I will have to try some VG and do some of the tests we ran on the "Buster"
I will also post if Briese starts producing the "Buster" again.


----------



## xdeano

anyone have any load data for the 62g in 243?

xdeano


----------



## xdeano

I just called Barns and here is the data that they have.

243 Winchester
24" barrel 
1/10" twist

H-414 (43.5g - 47.5g)
IMR-4350 (43.0g - 47.0g)
Reloader-19 (45.0g - 50.0g)

I also asked about varget and H380 and they are a bit hot i guess.

Their best was the H-414.

disclaimer: work your loads...

xdeano


----------



## xdeano

Well, I had time this morning to go out and do a few test loads on the bench. here is what i've found:

243 Winchester 
Sako 85 w ~22" barrel (1-10" twist)

62g Barns Varmint Grenade
Winchester brass
Federal 210 Match primers
40.5g Varget
Oal: 2.600"

My best group was just under half inch with this recipe. four out of five were in one nice little hole, with a flier opening up my group a bit.
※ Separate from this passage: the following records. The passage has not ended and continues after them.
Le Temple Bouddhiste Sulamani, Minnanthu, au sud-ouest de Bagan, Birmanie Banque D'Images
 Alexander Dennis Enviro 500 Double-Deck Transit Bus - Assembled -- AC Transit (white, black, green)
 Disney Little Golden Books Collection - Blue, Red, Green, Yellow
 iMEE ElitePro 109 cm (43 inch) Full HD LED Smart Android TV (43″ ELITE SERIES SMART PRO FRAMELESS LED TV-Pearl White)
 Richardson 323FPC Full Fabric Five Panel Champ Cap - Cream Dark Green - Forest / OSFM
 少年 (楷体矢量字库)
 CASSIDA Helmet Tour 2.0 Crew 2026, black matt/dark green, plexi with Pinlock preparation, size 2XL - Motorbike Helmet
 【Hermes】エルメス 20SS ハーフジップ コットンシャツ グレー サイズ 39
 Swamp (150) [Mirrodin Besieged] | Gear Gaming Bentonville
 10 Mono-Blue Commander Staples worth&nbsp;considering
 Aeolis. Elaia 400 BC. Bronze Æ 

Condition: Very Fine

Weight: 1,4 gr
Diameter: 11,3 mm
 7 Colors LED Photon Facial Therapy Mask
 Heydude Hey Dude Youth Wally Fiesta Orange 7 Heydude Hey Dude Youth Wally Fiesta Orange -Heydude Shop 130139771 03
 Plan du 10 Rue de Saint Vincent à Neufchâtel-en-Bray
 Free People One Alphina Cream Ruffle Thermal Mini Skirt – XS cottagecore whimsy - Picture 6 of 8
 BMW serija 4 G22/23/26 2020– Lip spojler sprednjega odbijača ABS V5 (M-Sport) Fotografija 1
I think i'll be set. I hate wasting ammo on tests. Now for the real test. I'll let you know.

xdeano


----------



## ilike2shoot

Hey Wyomingpredator,

Could you either post, or send me the published load data you have for the 22/250? I am having trouble finding data for the varmint grenades other than the "well I tried this load and lived through it" type info.

Thanks


----------



## ilike2shoot

Well it took a while, but I found an informative article which includes the Barnes data which will be in their 2008 manual. It has min/max data for the 36grain for both the .223 and 22-250. Thought I would post it since it seems to be a bit difficult to find this load data.

http://www.riflemagazine.com/magazine/P ... rtial1.pdf


----------



## Fishhead

I'm looking for loading data for the 36 gr. Varmint Grenades using a .223WSSM. Can anyone point me the right direction?


----------



## miestro_jerry

Anyone have the data for loading the 36 Grain VG in a 221 Frieball?

Thanks,

Jerry


----------



## Savage260

These are a couple pix from my first PD shoot using 36gr VGs with 39.5gr Varget out of my Rem 700 VLSS 22-250.


----------



## johngfoster

I've had very similar results from 55gr V-Max in a 22-250. Cut some PDs in half! Sorry no pics.


----------